Der Prediger Gabriel Rothblatt verkündet die frohe Botschaft unter den Kirchengängern als unverrückbare Selbstverständlichkeit: «Technologie wird uns unsterblich machen». Dass in einer Kirche der technologische Fortschritt gepredigt wird, mag zutiefst amerikanisch anmuten.
Doch hinter der Überzeugung des US-Amerikaners Rothblatt steht eine weltweite Bewegung, die auch jenseits von Altar und Weihwasser an die digitale Unsterblichkeit glaubt. Diejenige der Transhumanisten. Transhumanisten glauben, dass die Verschmelzung von Mensch und Maschine in eine bessere Zukunft führt.
Persönlicher Denkschatz im Roboter verewigt
Ihr Traum ist es, eine digitale Kopie unseres Bewusstseins zu erstellen und dieser Kopie eine Form zu geben.

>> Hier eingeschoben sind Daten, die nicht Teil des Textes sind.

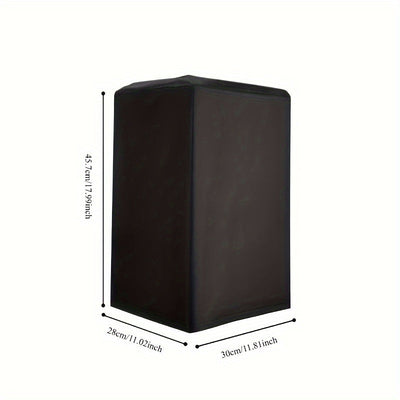 Funda para altavoz Hceng de lona negra resistente - Impermeable y antipolvo, múltiples especificaciones para sistemas de sonido de cine en casa y exteriores, tela Niu Jin, metal, calidad de sonido y larga duración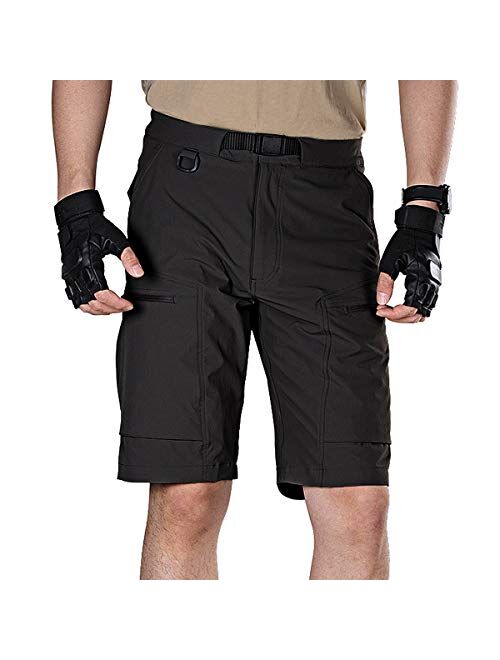 FREE SOLDIER Men's Lightweight Breathable Quick Dry Tactical Shorts Hiking Cargo Shorts Nylon Spandex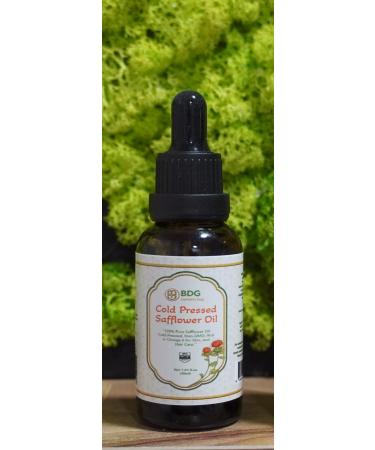 Golden Bay 100% Pure Cold Pressed Safflower Oil - 30 ml | Lightweight Natural Moisturizer for Face Skin & Hair | Non-Comedogenic Rich in Omega-6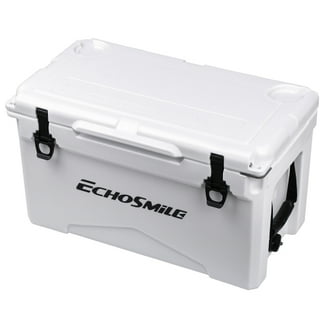 COHO Large Ice Chest 55 Quart Rotomolded Cooler, Camping and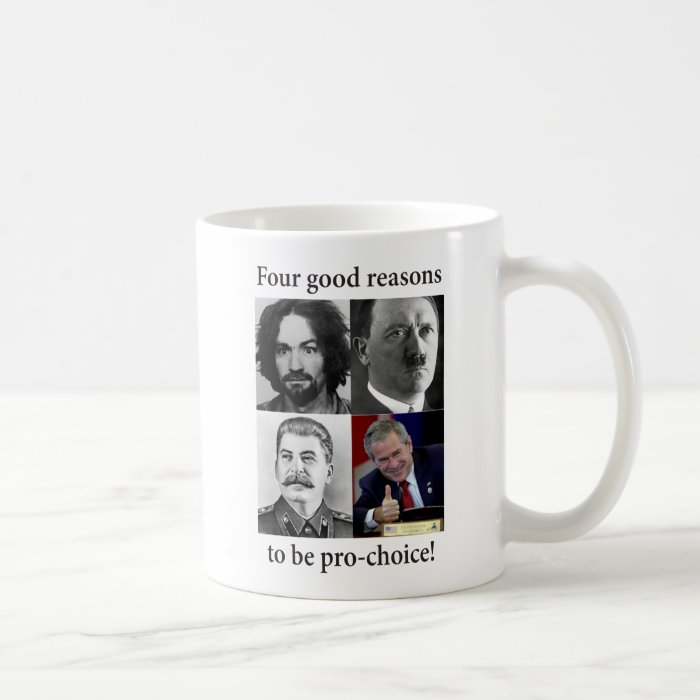 four good reasons to be pro choice coffee mug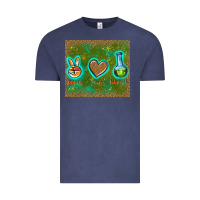 Vintage Denim peace love lab tech Vintage Tee - TumblerDesignByShophia
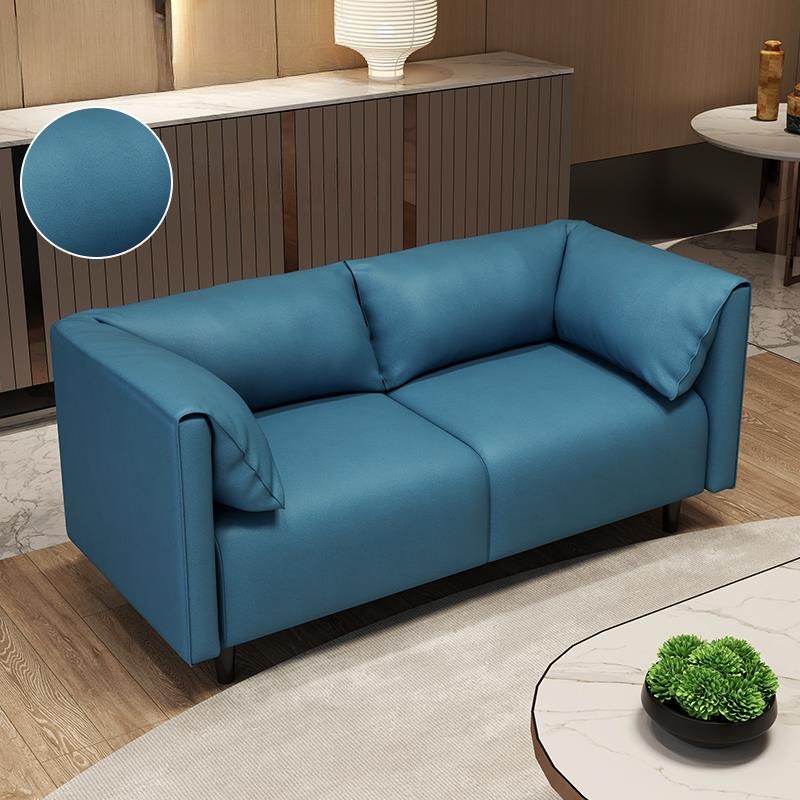 Modish Solid Color Scratch-durable/Water Resistant Loveseat in Gray/Emerald Green/Off-White, 2-seater
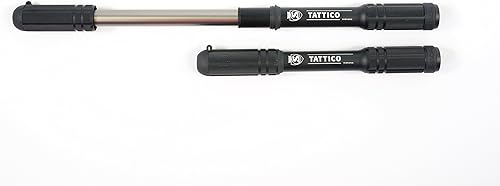 Miniatura 3 de SILCA Tattico - Mini bomba de bicicleta  Bomba de bicicleta de montaje en marco con manguera expandible y bloqueo de palanca  Ligero y montable en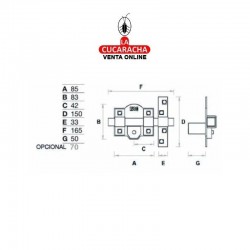 Cerrojo Niquel 301-LP-80 Com. Seg. FAC. 2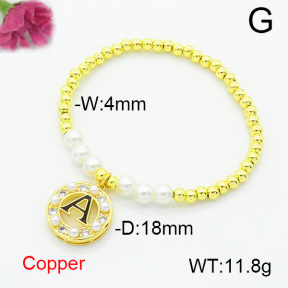 Fashion Copper Bracelet  F6B405047bbml-L024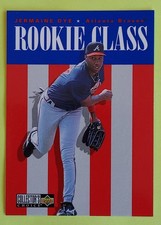 Jermaine Dye 1996 Collectors Choice Rookie Class Baseball Card #437 - Braves. rookie card picture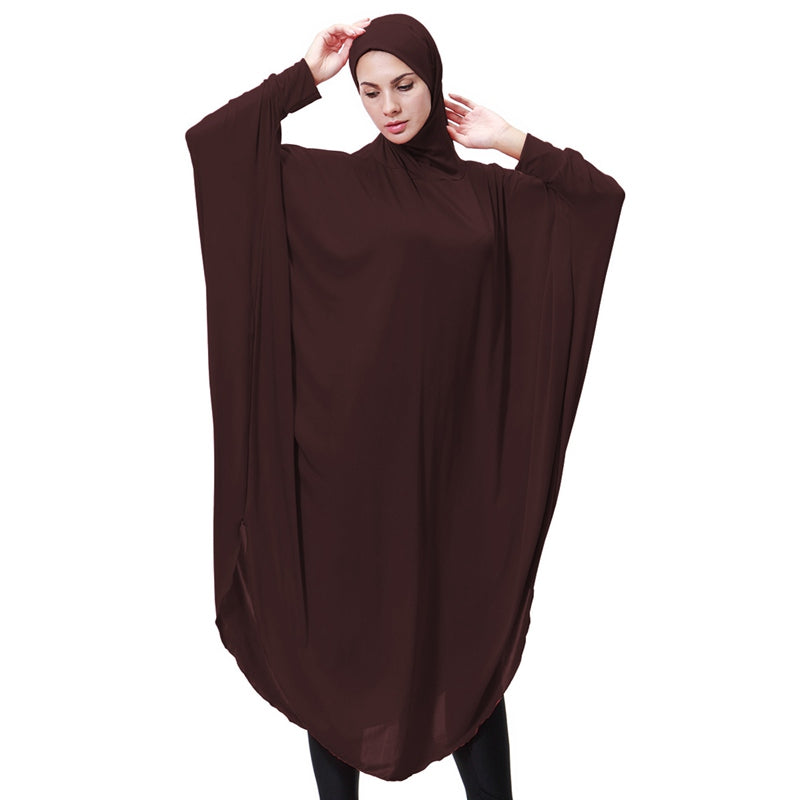 Long Prayer Jilbab With Sleeves For Arab Women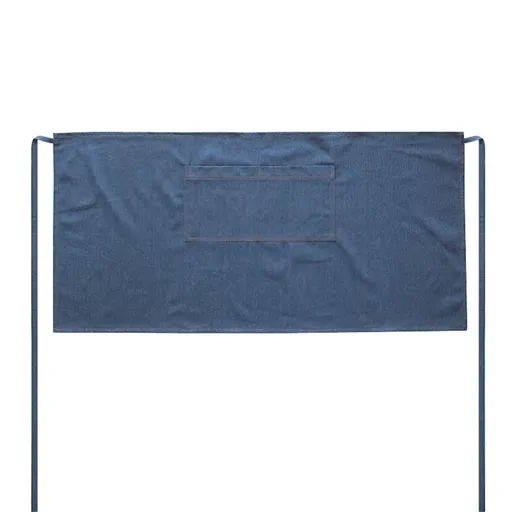 Unisex Cotton denim Waist Apron with Pocket Waitress Apron Half Apron Server Aprons Cooking Bib（dark blue）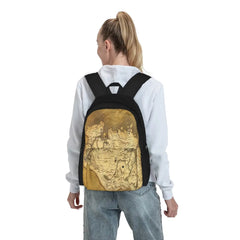 Skyrim Parchment Map Backpack for Men and Women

Dieses digitale Ich kann ein animiertes Bild sein, einen Charakter im Metaversum oder gar nur ein Textprogramm.
In Perfektion allerdings, würde das digitale Bewusstsein in einem Roboter stecken, der uns zum Verwechseln ähnlich ist. Es wäre der perfekte Avatar, der gleich denkt und redet sowie dieselben Erinnerungen teilt. Und dazu noch unsterblich ist.
Digitale Unsterblichkeit als Geschäftsmodell
Doch wozu das? Menschen mit Sendungsbewusstsein wie der amerikanische Spiritualist Deepak Chopra wollen sich so für die Nachwelt erhalten. Er hat sich bereits eine digitale Animation programmieren lassen. Sein Avatar soll schon zu seiner Lebzeit mit Smartphone-Nutzern kommunizieren. Als Animation mit künstlicher Intelligenz, welche Lebensweisheiten von sich gibt und Meditationen leiten soll.

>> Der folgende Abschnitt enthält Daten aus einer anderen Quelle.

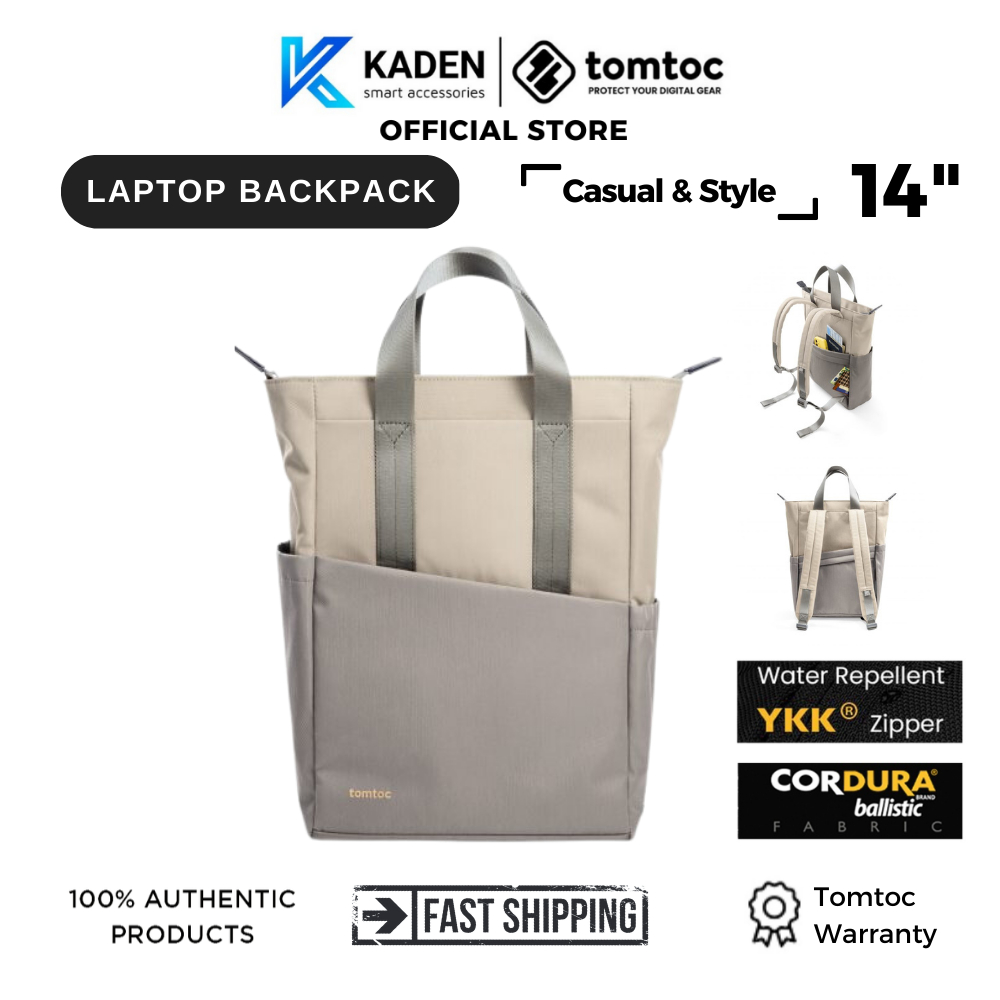 Balo Tomtoc USA T63M1K1 Slash Flip 12L Dành Cho Macbook/Laptop 13/14inch-Hàng Chính Hãng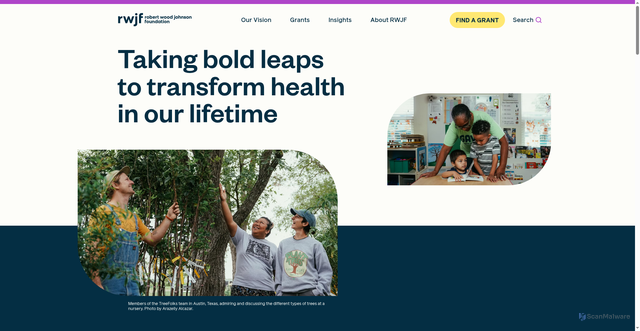 Security scan screenshot of https://www.rwjf.org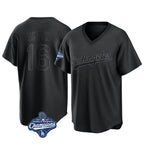 Silnrao LA.Dodgers #16 Will Smith Player Black World Series Meet Pitch Fashion T-shirt Stitched Jerseys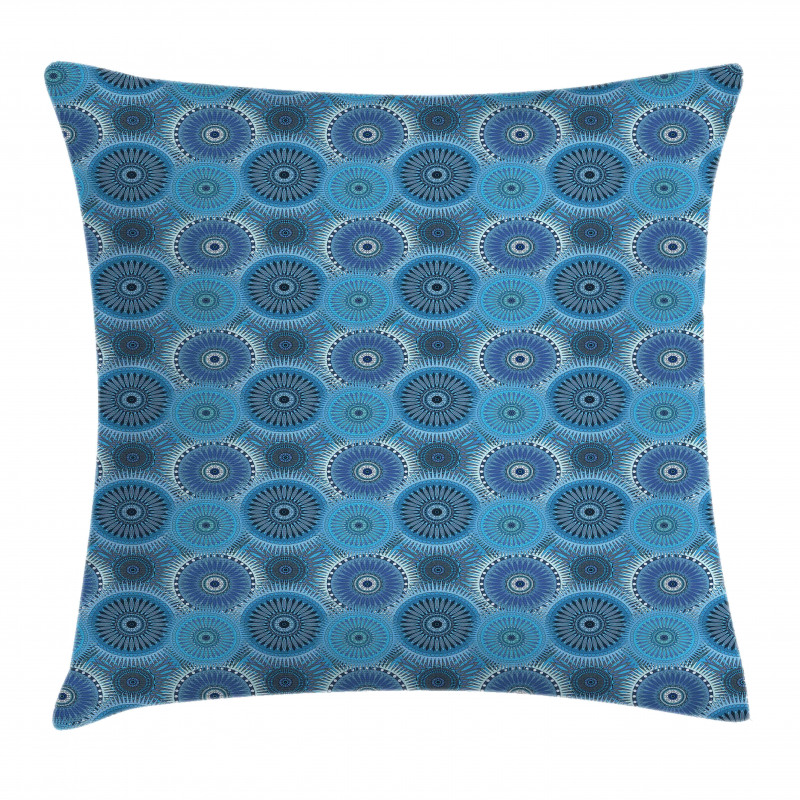 Vintage Blue Asian Pillow Cover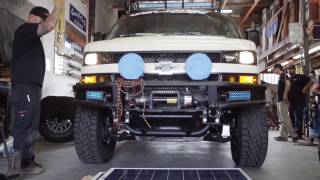 Chevrolet Express 4x4 Quigley van conversion  Sema Crunch [upl. by Oiramaj]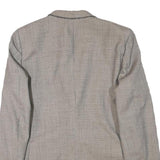 HANSONS Mens Grey Wool Blend Blazer Jacket M Woven Classic Tailored Button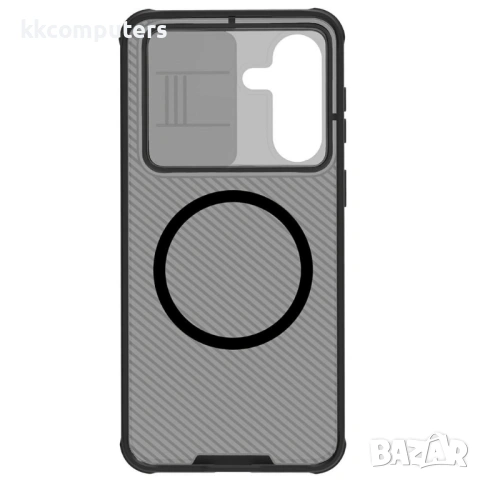 NILLKIN Camshield Pro Магнитен Калъф за Samsung A57 5G - TPU+PC, Плъзгащо капаче, Прозрачно-черен, снимка 3 - Калъфи, кейсове - 53973189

Dahinter steckt wohl das Ziel, dass das digitale Double von Chopra einen Teil seiner heutigen Arbeit übernehmen. Es lässt sich kaum leugnen, dass es sich dabei um ein Geschäftsmodell handelt.
Roboter mit Hirn
Forschende hingegen treibt die Neugier an, wie wir als Mensch funktionieren. Wie unser Hirn Erinnerungen speichert und abruft. Wie aus all unseren Erlebnissen ein Bewusstsein entsteht. Wie ein Roboter Emotionen transportieren kann, damit wir statt dem Roboter einen Menschen sehen.
Der Hirnforscher Alysson Muotri, Leiter des UC San Diego Stammzellen-Programmes, hat in einem aufsehenerregenden Experiment die Grenzen zwischen Mensch und Maschine verwischt. In der Petrischale züchtete er menschliche Hirnzellen und liess sie zu sogenannten Organoiden entwickeln. Das sind Zellverbände, die in diesem Fall über elektrische Signale miteinander kommunizieren. Diese Signale verband er mit einem Roboter mit vier Beinen, worauf dieser selbstständig gehen konnte.
Unsterblich – zumindest teilweise
Wohin Selbstverwirklichung, Geschäftssinn, wissenschaftliche Neugier oder religiöse Wunschvorstellungen führen, ist umstritten. Viele Forschende zweifeln daran, dass wir unser Bewusstsein je eins zu eins kopieren können.
Möglich aber, dass wir unseren Nachfahren nicht nur als Foto oder Video erscheinen werden, sondern ganz selbstverständlich als Animation mit unserer eigenen Stimme und unseren eigenen Erinnerungen. Zumindest ein Stück weit digital unsterblich.